Monday, February 6, 2012

11 Miles Beyond Miami -- Last Reflections and Moving Forward

Following The Miami Half Marathon, Hiroko and I took a trip down to Key West, which was just what we needed after a busy fall.  I didn't run or workout the entire time we were there.  I thought about running, but I just wanted to sleep in and save my legs for walking around doing touristy stuff.  Once we returned to Raleigh late Wednesday, I made up a new training schedule that will take me to the Tobacco Road Half Marathon on March 18th.  I'm excited.  As I said in my race report, Miami didn't go well from a running stand point, but I know that in the long run, it will make me a stronger and smarter runner.  Also, it has made me think more about the make up of the runner.

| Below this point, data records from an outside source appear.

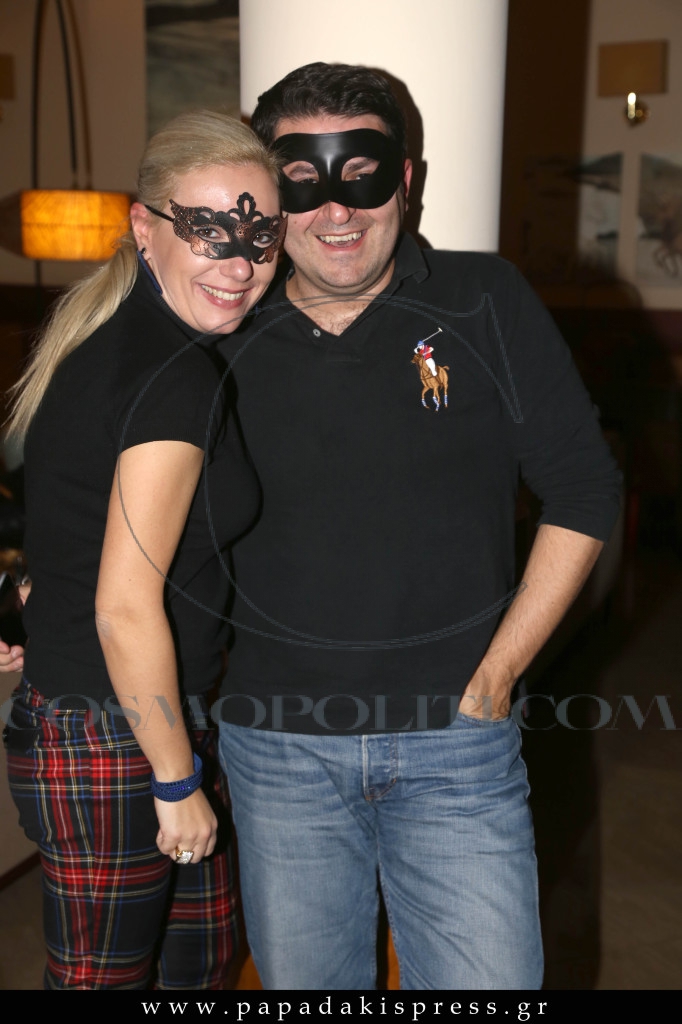 ╬ο╬σ╬ν╬θ 4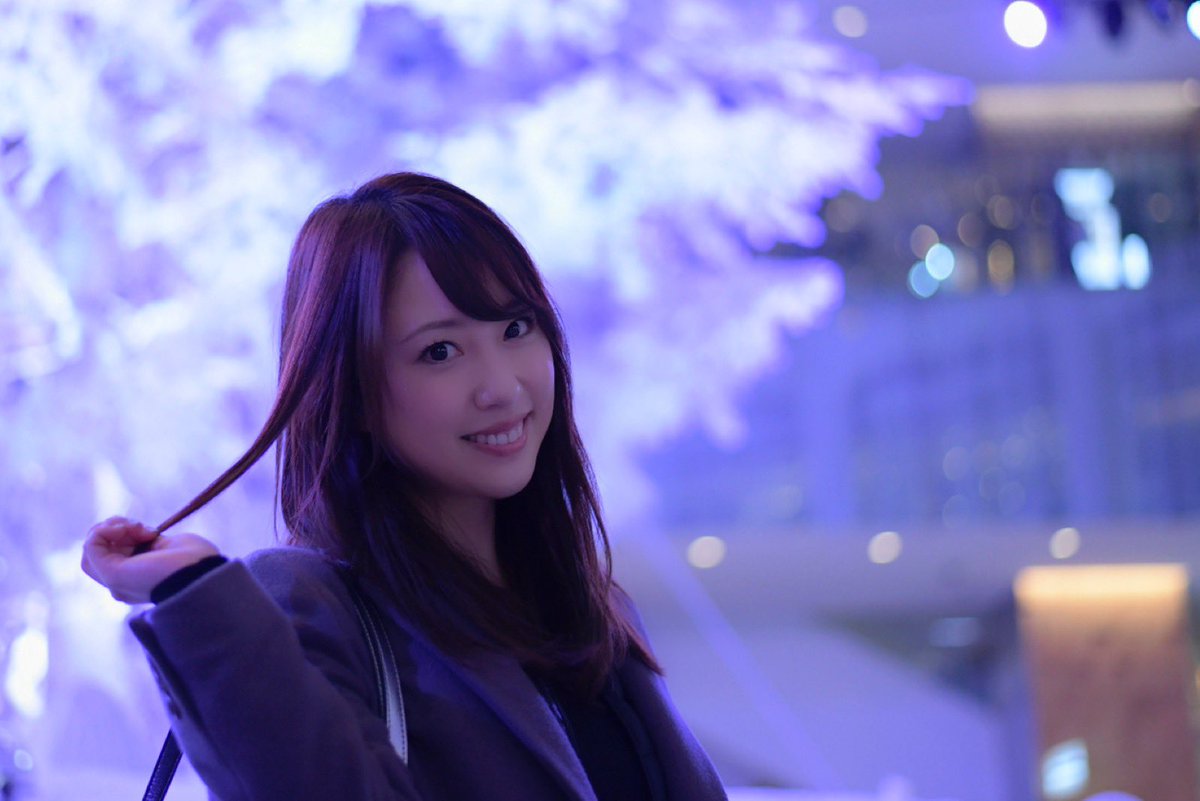 O Xrhsths 加藤英美里 Sto Twitter あー可愛いですねぇぇえ 私のお気に入り写真 今日は 双子の日だって聞いたよ らき すた的に双子な私たち 福原香織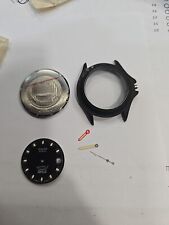 Hai Hosam KORALLE Komplettbox Vintage Nos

As far as running goes . . . I did two runs this weekend a quick 3 miler of Saturday, which was followed by some cross-training at the gym.  I also did an 8 miler on the Tobacco Trail on Sunday.  The eight miler was tough.  I struggled around miles four and five, but the sting of Miami was fresh in my mind, and I pushed trough the run.  So, I have gotten myself 11 miles from Miami, and honestly, it isn't far enough.  I need to put down some more miles.  At first I didn't want to have an regrets about that race, but as I spent more time thinking about one thing nags at me.  I don't know if you would call it a regret, more just a realization, I wasn't willing to suffer through a bad run.  Once I became aware that there was no way I was going to pull it together, my will to endure failed me.  And, I that bothers me.  I don't mind losing, but I can't stand quitting and quitters.  Granted, I finished the race, but let's face we all know that quitting in running isn't always about moving forward.  We have all seen that hallow and vacant look on someone face and know that deep down they were done.  I had that look in Miami.  I want and need to get some distance from it.  I want to lay down miles on top of mile on the streets and trails of Raleigh until Miami is just a memory that I call on when I need it.  As opposed to something present in my mind.  Sunday was a nice start, the air was cool and filled with drizzle, which is my favorite running weather.  I pushed myself through some pain, just to make sure I still had the will to suffer.  People always seem to talk about the difference between the runner and the jogger and focus on speed.  But, I my mind speed has nothing to do with it.  The will to suffer is what separates the runner from the jogger in my book.  If you have the will to push yourself past the point of suffering, you're a runner if not you're a jogger.  Unfortunately in Miami, I was more jogger than runner.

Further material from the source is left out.